## THE RECORDS
——
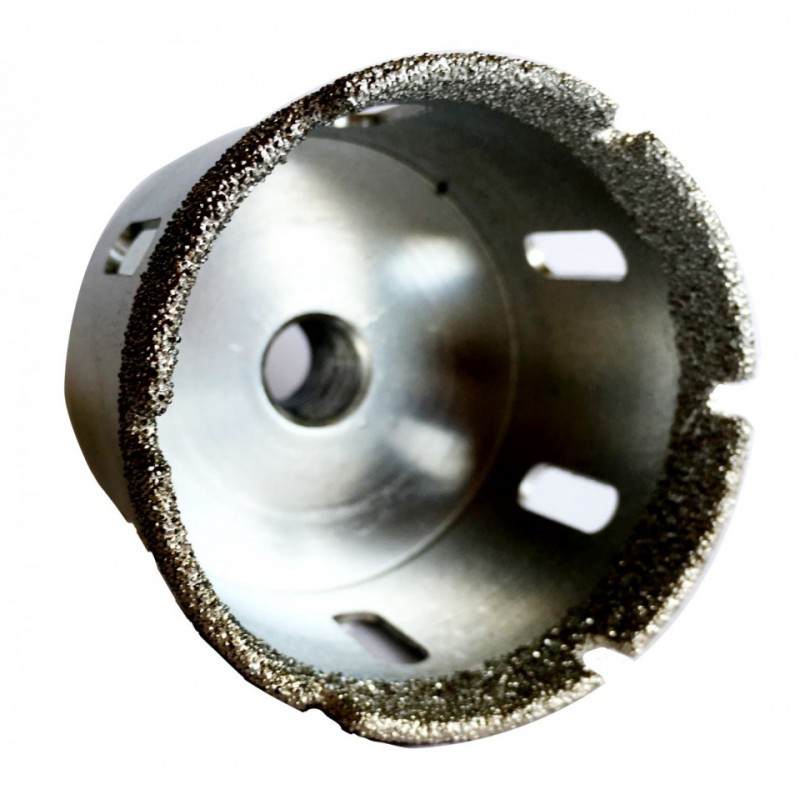 Carota diamantata pt. gresie portelanata & piatra - diam. 65mm - Super Premium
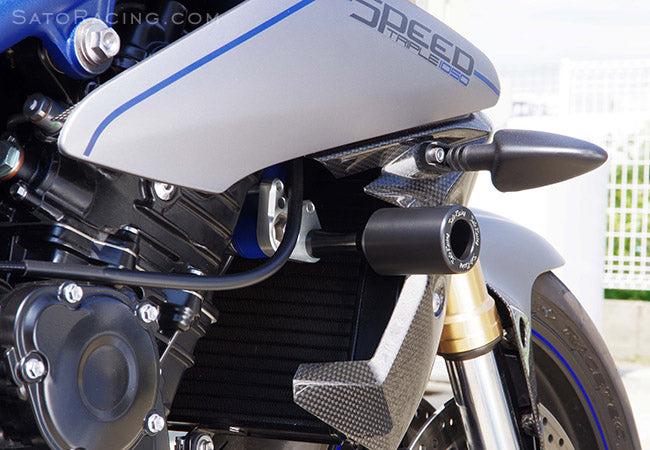 Sato Racing Frame Sliders for 2011-2013 Triumph Speed Triple / R 1050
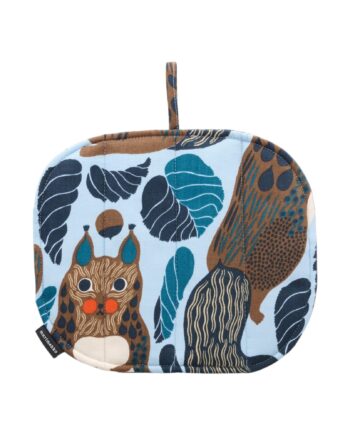 Marimekko Pieni Kurre Grydelap 25    22 Cm  Lyseblå Flerfarvet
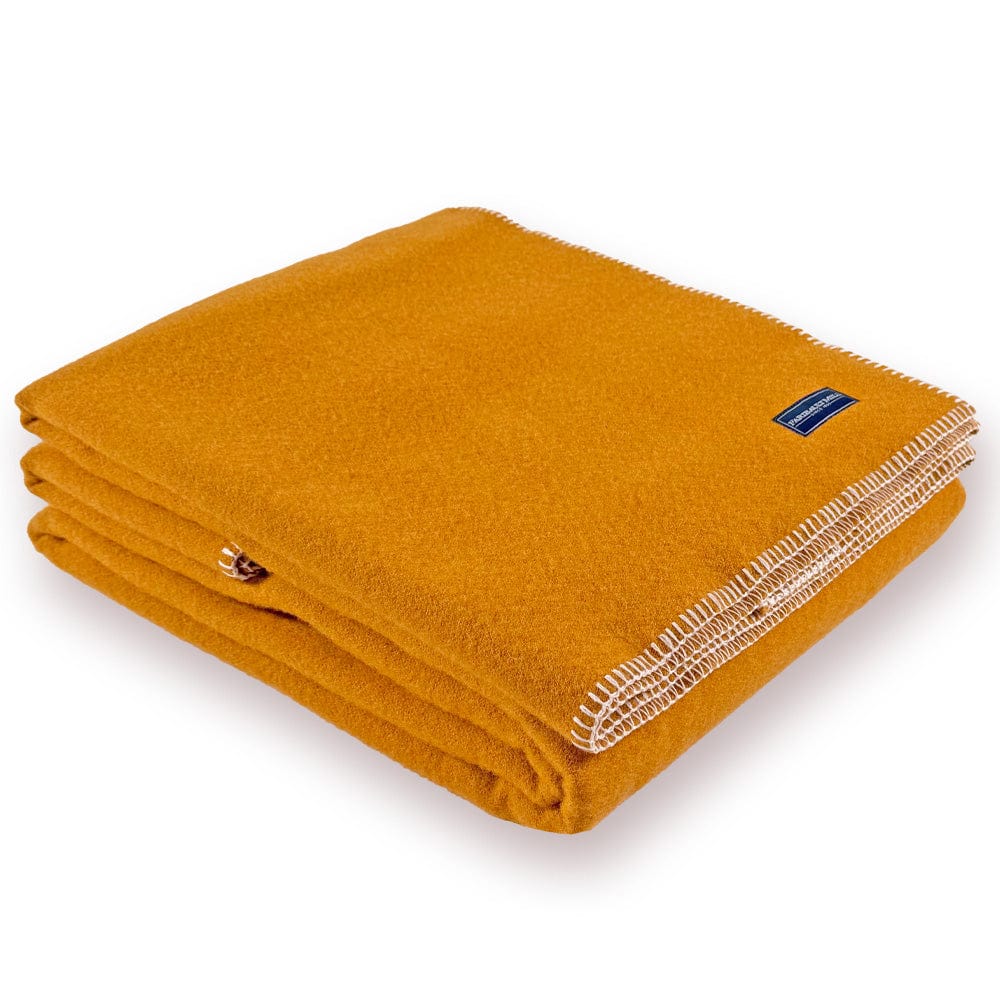 Pure & Simple Wool Blanket - Butterscotch active Current Full group-gallery King machine washable Pure & Simple Wool Blanket Queen Sale Solids Twin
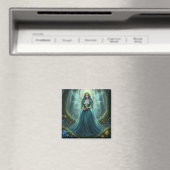 Prachtige maart Aquamarijn Fairy Magneet (Insitu (Vaatwasser))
——
## WORK TASK
Output every record above verbatim, excluding images.

## OUTPUT FOR THIS TASK
 Carota diamantata pt. gresie portelanata & piatra - diam. 65mm - Super Premium
 Sato Racing Frame Sliders for 2011-2013 Triumph Speed Triple / R 1050
 Marimekko Pieni Kurre Grydelap 25    22 Cm  Lyseblå Flerfarvet
 Pure & Simple Wool Blanket - Butterscotch active Current Full group-gallery King machine washable Pure & Simple Wool Blanket Queen Sale Solids Twin
 Prachtige maart Aquamarijn Fairy Magneet (Insitu (Vaatwasser))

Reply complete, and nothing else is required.